SUPPLIED INFORMATION:
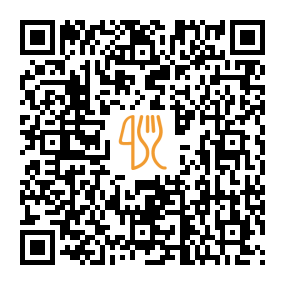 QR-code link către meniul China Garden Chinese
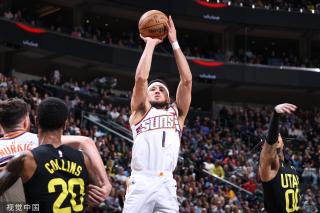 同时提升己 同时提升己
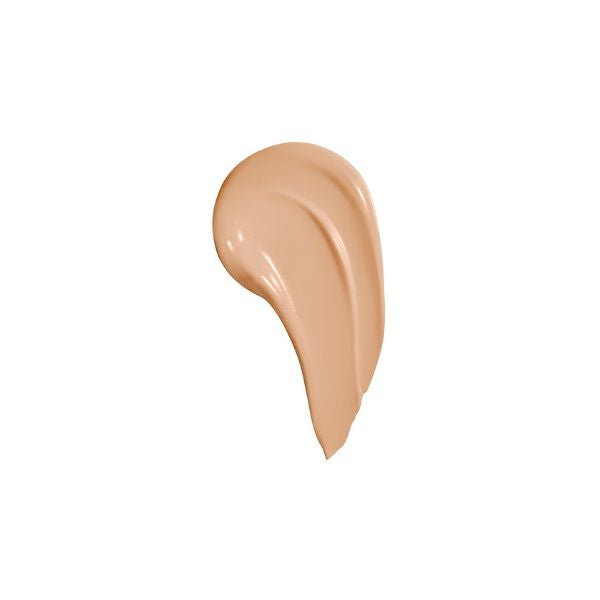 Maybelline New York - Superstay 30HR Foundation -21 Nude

...

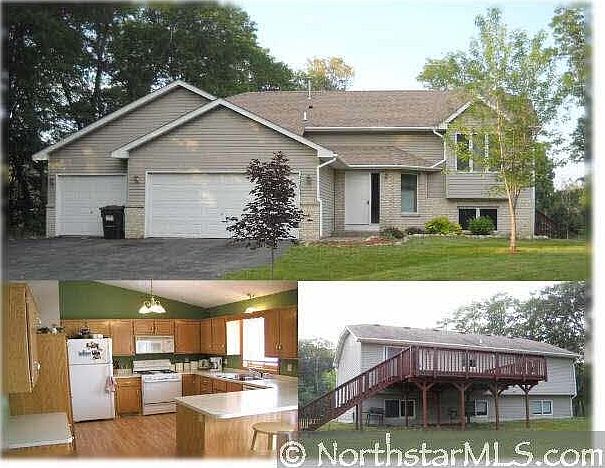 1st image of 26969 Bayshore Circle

* * *

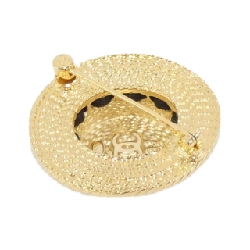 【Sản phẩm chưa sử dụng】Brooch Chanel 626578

WORK TO COMPLETE: Return the material from the line containing "QR-code link către" through the line containing "Maybelline New York", exactly and in full, but without its pictures.

RESULT OF THIS TASK:
 QR-code link către meniul China Garden Chinese
 同时提升己 同时提升己
 Maybelline New York - Superstay 30HR Foundation -21 Nude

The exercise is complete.